Grogan was stopped before boarding the ferry and asked to provide a new PCR test. Grogan pointed out that this requirement was not mentioned in any forms shown to her and that other passengers were permitted aboard the ferry without documentation. She was told to go to a test centre “five minutes away, but was really five kilometres away”, which was consequently closed that day. Stuck in Corfu and fast approaching her scheduled flight to Italy, Grogan had no choice but to remain on the island for another night.
When Grogan did acquire a negative PCR test, complications rose even further when she realised she could not attach this PCR test to her passenger locator form as the Greek government only allowed one PCR test per form and the form had already been attached to a spot-check PCR test taken at the airport.
Despite these complications, Grogan eventually reached Italy with her friends, where she was consequently hospitalised due to sickness. In order to leave the country earlier than planned, she was required to provide another negative PCR result, though the hospital had only provided her with an antigen test. Upon returning to Ireland, Grogan’s key insight was that she “would never travel without a vaccine again.”
Grogan noted that while her experiences travelling during Covid-19 was not the most extreme of situations during the pandemic, they still highlighted the frustration many people have felt in the face of ever-changing travel restrictions: “It was so stressful, they were changing all the time, constantly.”
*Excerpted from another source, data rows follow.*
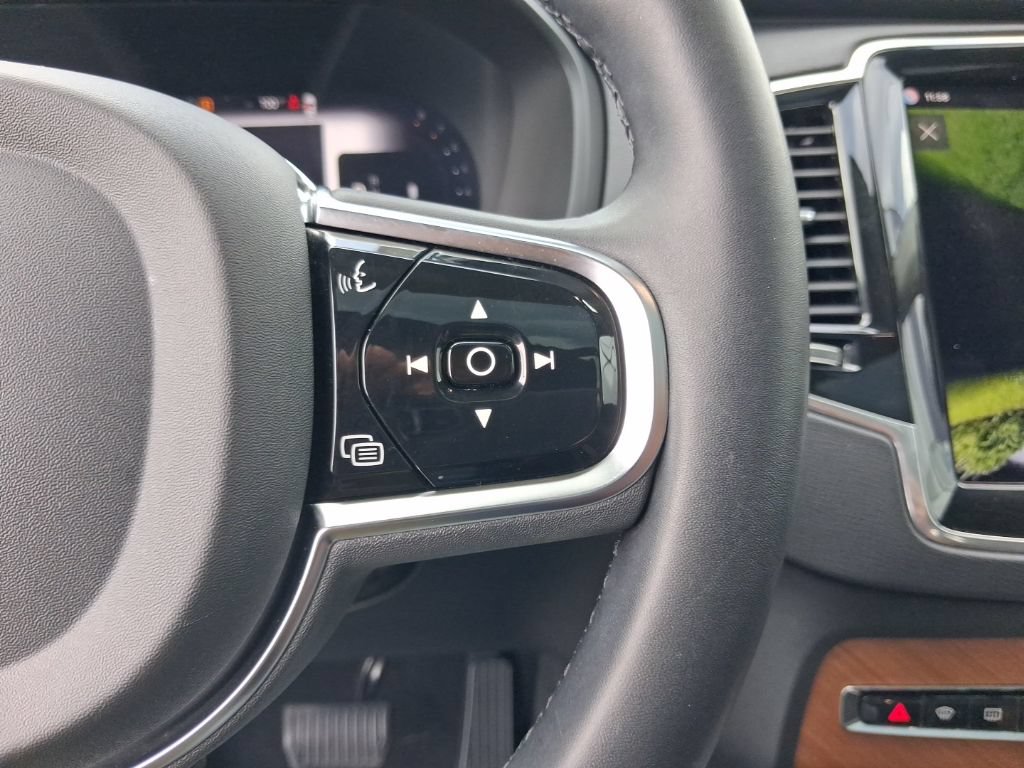 Used 2024 Volvo XC90 B5 Plus AWD/4WD image 20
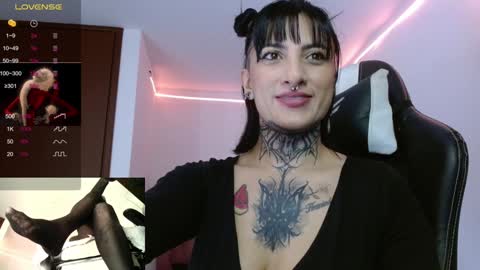 Snapshot of lia_miss2 chatting on December 18, 3:55 pm lia spicy ig online show from December 18, 3:55 pm
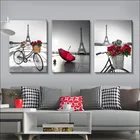 Современная Классическая черно-белая фотография, маленький красный велосипедный зонт, корзина для цветов, Картина на холсте с изображением Эйфелевой башни, Роза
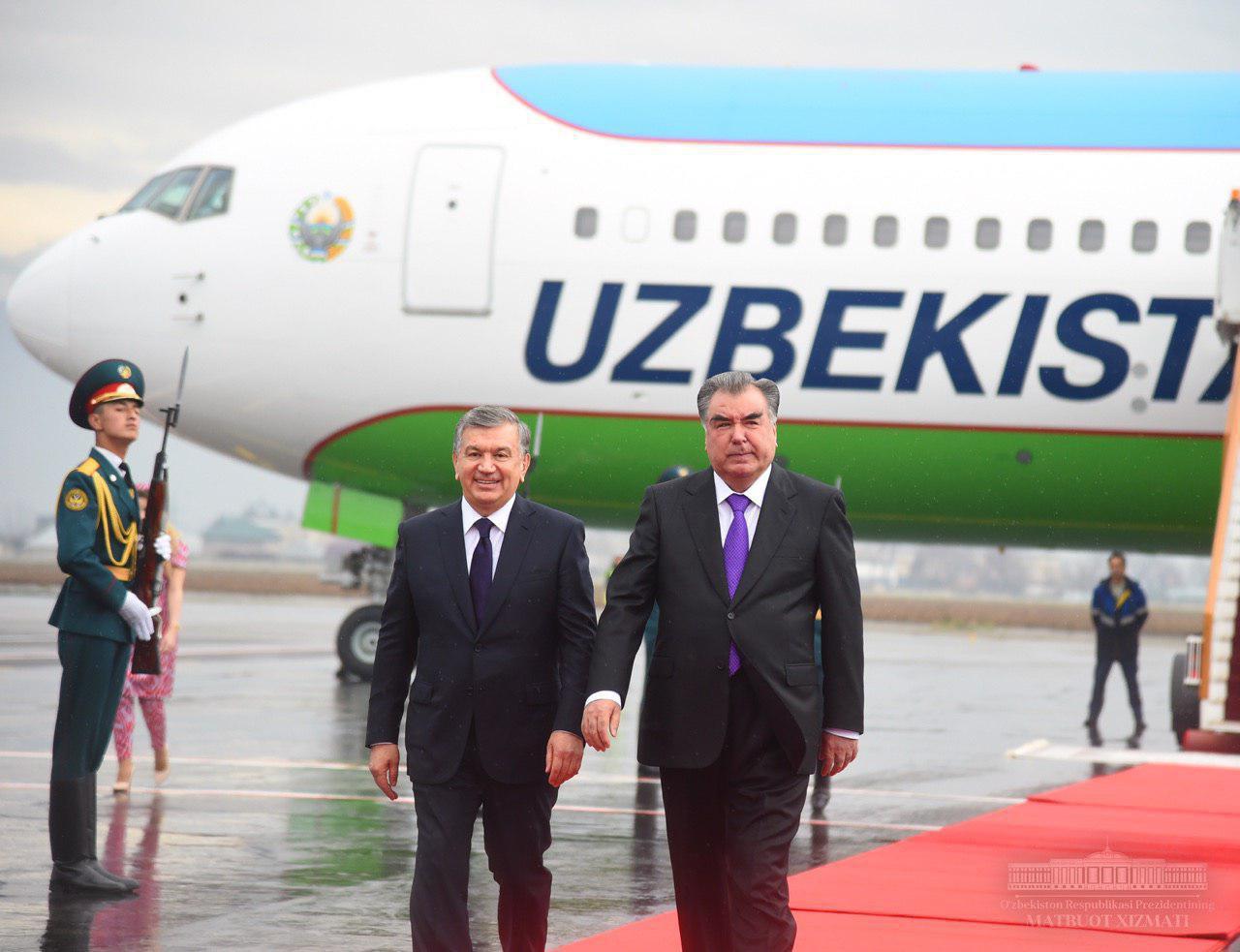 Президента Шавката Мирзиёева торжественно встретили в Таджикистане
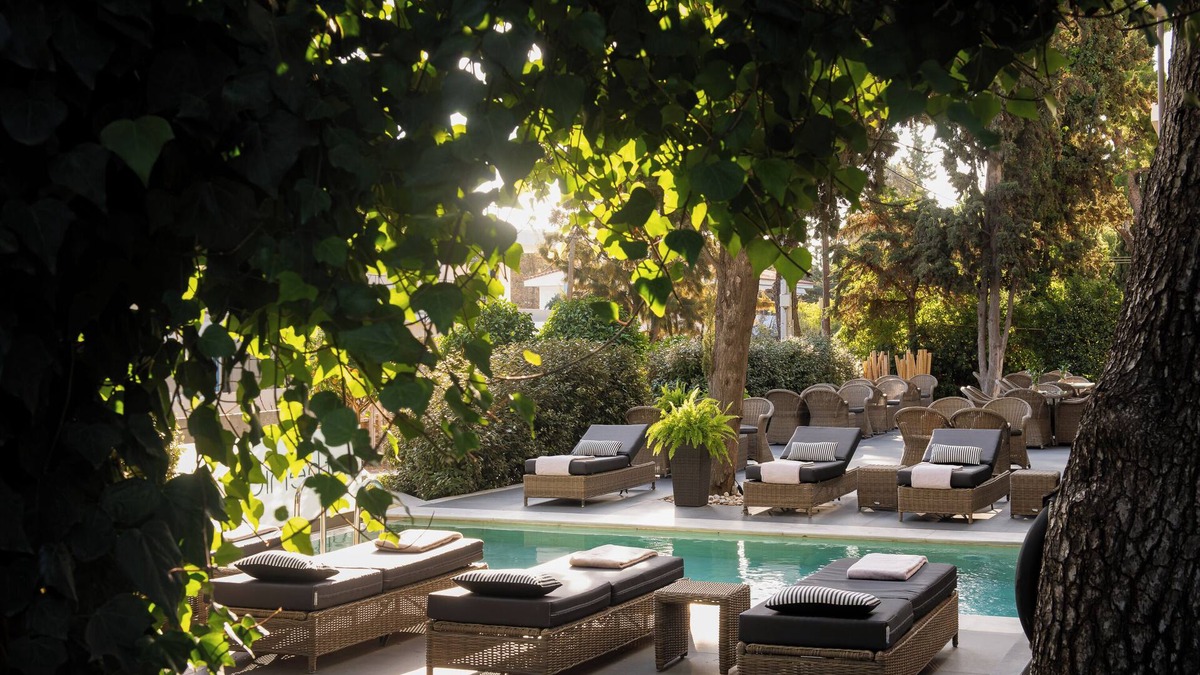 Vouliagmeni Hotel | Athenian Riviera Hotel & Suites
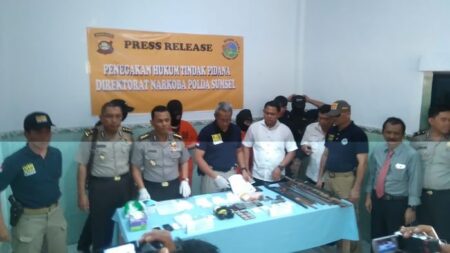 Kaki Ko Erwin, Bandar Narkoba yang Menyetor Rp2,8 M, Ditembak Saat Ditangkap, Kini Naik Kursi Roda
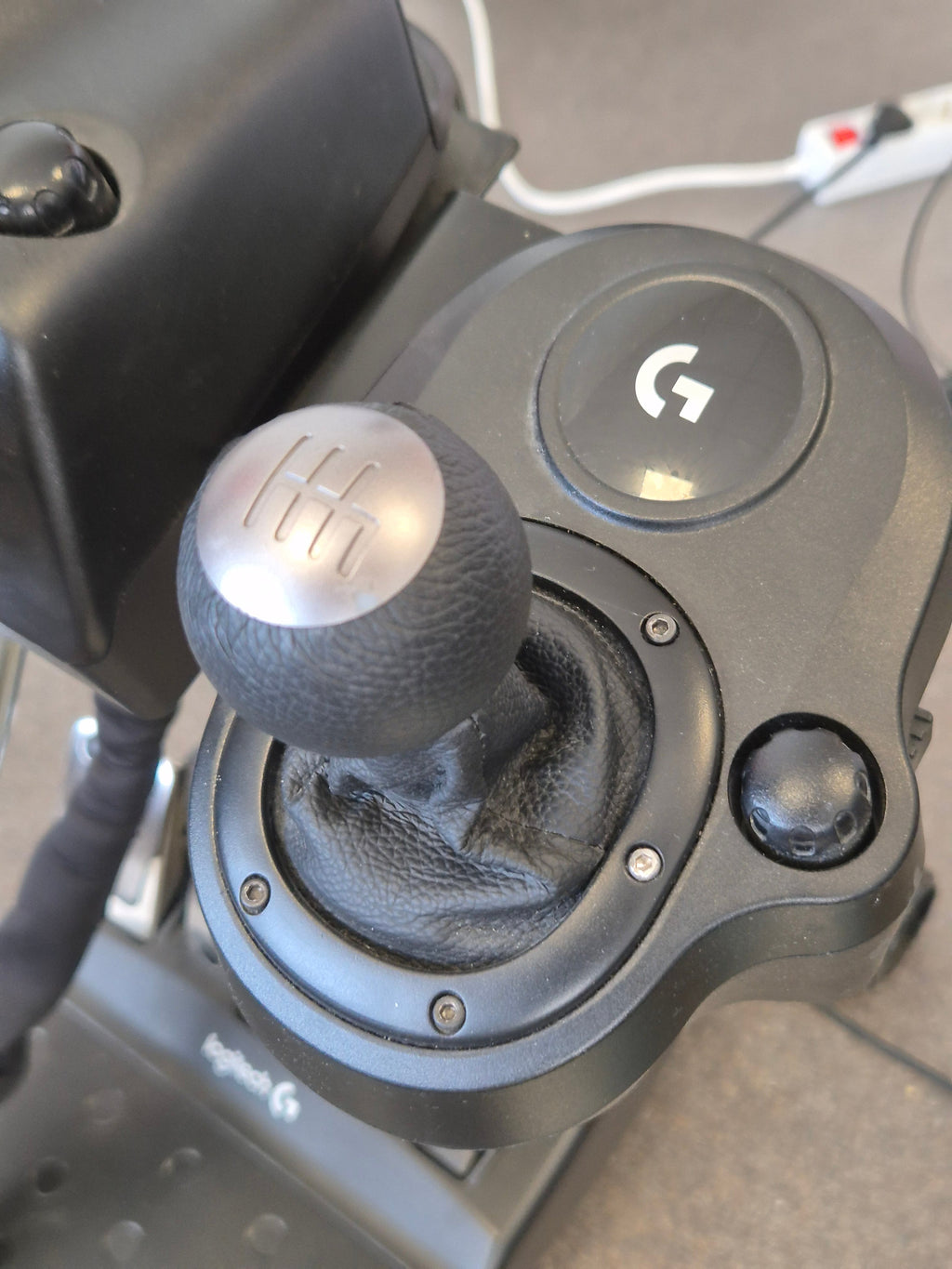 Logitech G29 Rennlenkrad, Schwarz, Sehr Guter Zustand, mit Shifter und Halterung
On March 5, Minister for Health Stephen Donnelly announced that the requirement for vaccination certificates and passenger locator forms from those arriving into Ireland would end from midnight. Other countries such as France and Australia still require a negative PCR test, while other countries like Spain still hold health screenings upon arrival.
Despite the varied experiences across students travelling abroad, most agreed that the end of travel restrictions came at the right time. Grogan was happy to see “cohesion across policies” in Ireland’s lifting of restrictions, as she found a level of hypocrisy in previous rules during the pandemic that had allowed tourists to enter the country while still keeping parts of the country and economy on lockdown. Trinity, for example, allowed tourists to enter campus and visit the Long Library and Book of Kells while lectures were still kept online last semester. Grogan, relieved to see consistency now, asks, “Why couldn’t we do things in our own country but we were allowing tourists to come in?”
Borek, noting that changes in Ireland’s travel restrictions fall in line with the lowering of all Covid-19 restrictions in the past few months, thought this final change “doesn’t really change anything” for Irish people.
Another student, who recently travelled to Prague this semester, had not thought that the restrictions at the time were necessary, and is glad to see the end of travel restrictions into Ireland. They do not think these restrictions should ever need to be reinstated: “I’ve come to think that Covid restrictions aren’t really the way forward in general, unless we have some goal in mind. It’s a good idea to put in restrictions until we’ve administered vaccines or have expanded hospital capacity, but once we’ve done all those things, we’re going to have to open up eventually. There’s no point prolonging it.”
Looking forward, the student believes that travel restrictions across the world can be a thing of the past once the proper health policies are implemented globally: “The main thing we need to do now is invest in vaccinating the developing world, and after that Covid will probably just be like any other disease.”